**Task goal**
Once the pictures are set aside, reproduce the remaining data exactly.

**Information provided**
^^^^^^^^^^^^^^^^
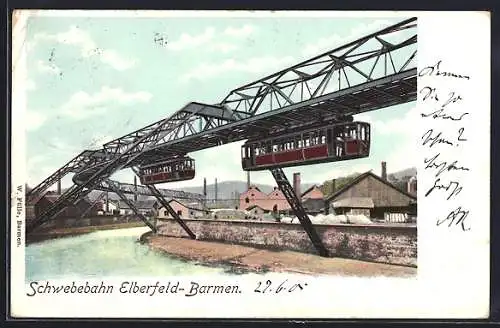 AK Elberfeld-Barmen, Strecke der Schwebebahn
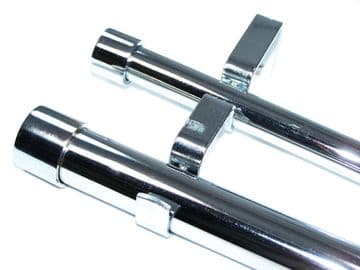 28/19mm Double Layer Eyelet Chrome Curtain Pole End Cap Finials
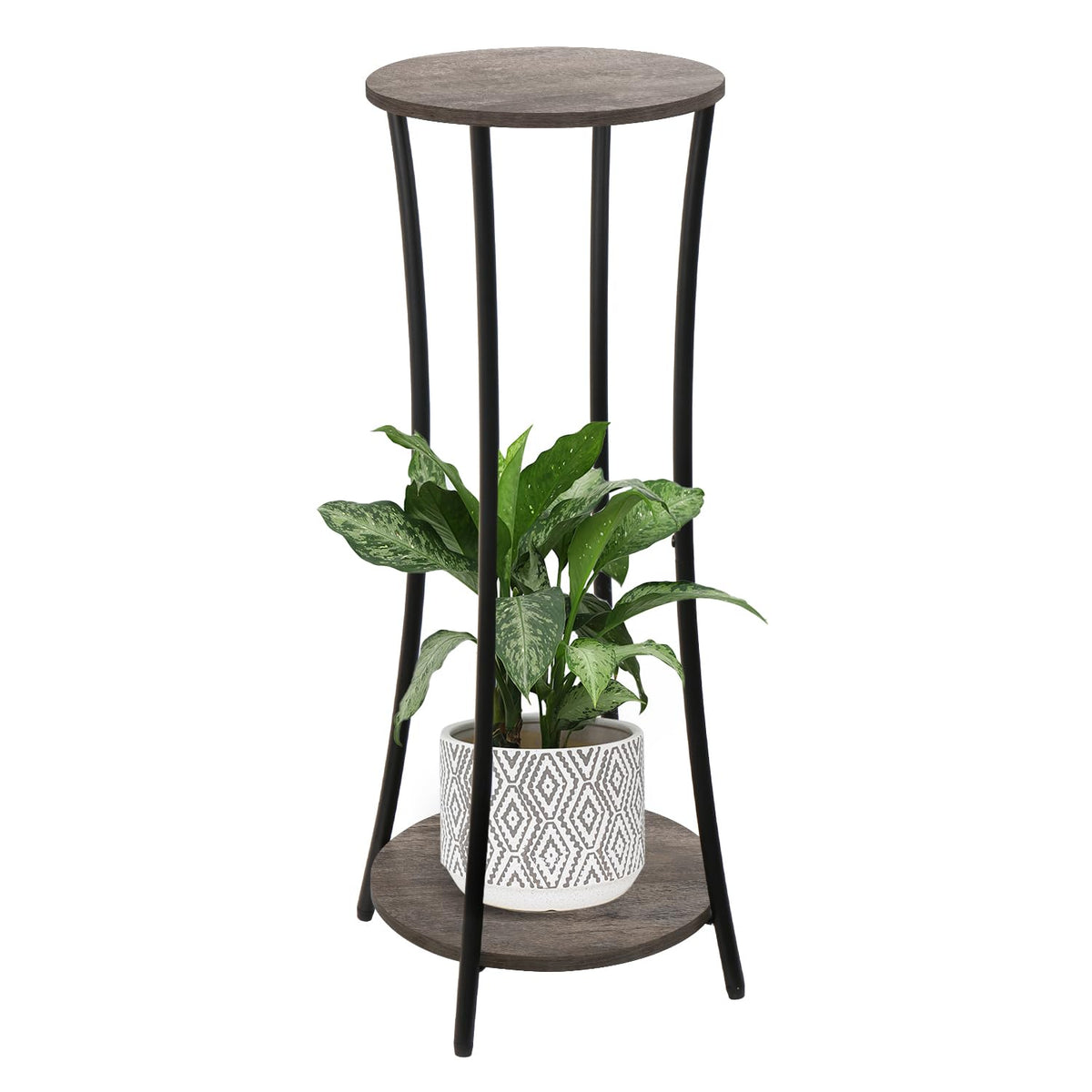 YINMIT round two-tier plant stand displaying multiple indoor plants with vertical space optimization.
^^^^^^^^^^^^^^^^
**Answer area**
 AK Elberfeld-Barmen, Strecke der Schwebebahn
 28/19mm Double Layer Eyelet Chrome Curtain Pole End Cap Finials
 YINMIT round two-tier plant stand displaying multiple indoor plants with vertical space optimization.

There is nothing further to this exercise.